GLOBAL air cargo volumes continue to show a slow recovery, with an eight per cent increase in July, reports London’s Air Cargo News, citing a study from CLIVE Data Services, a unit of Brisbane’s Biarri Group.
Chargeable weight growth last month helped to further narrow the year-on-year decline in international freight volumes.
July volume was down 20 per cent down year on year, but was still up on the declines of 26 per cent in April, 31 per cent in May and 37 per cent in June.
“Our market analyses for July, especially compared to what we were reporting a few months ago, shows the gradual but consistent climb to recovery for the air cargo market is continuing. This is obviously no ‘V’ shape recovery, but even as additional capacity comes into the market with the return of more passenger services, cargo volumes are showing some reassuring resilience,” said CLIVE managing director Niall van de Wouw.
“To put the 70 per cent dynamic load factor into perspective, during the Christmas 2018 proper peak season it stood at 68 per cent, and now we are in the doldrums summer period for the air cargo industry,” he said.

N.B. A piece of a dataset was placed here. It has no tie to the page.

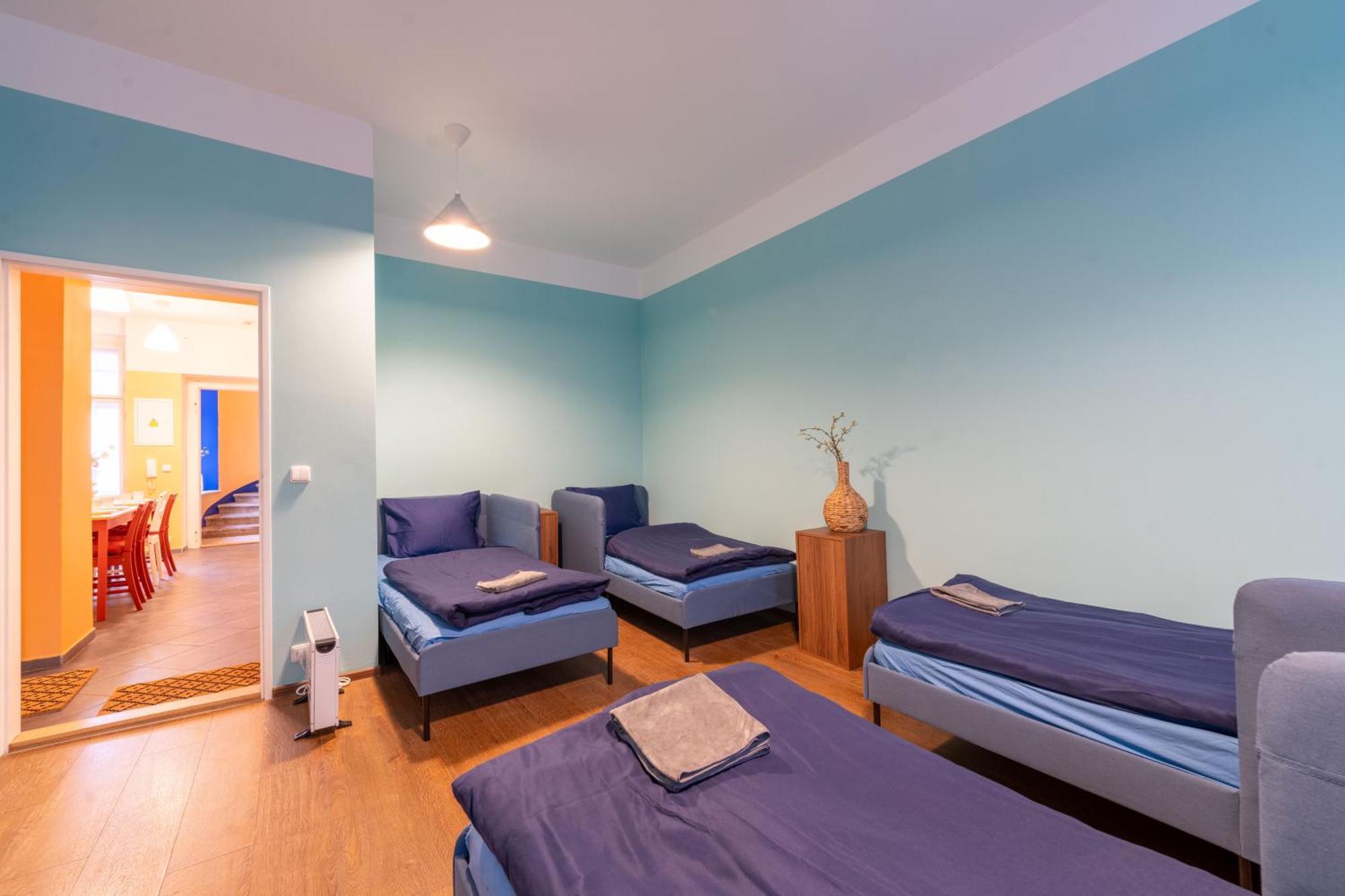 Stellar Female Hostel プラハ エクステリア 写真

“Beneath this global average are, however, regional differences. The load factors to and from Asia shows a different pattern than the ones across the Atlantic but this decline in load factor is mainly caused by increasing capacity. For example, eastbound Atlantic capacity in the week of July 27-August 2 was 10 per cent higher than in the last week of June, while the cargo volumes rose four per cent over that same timeframe.” Mr van de Wouw said.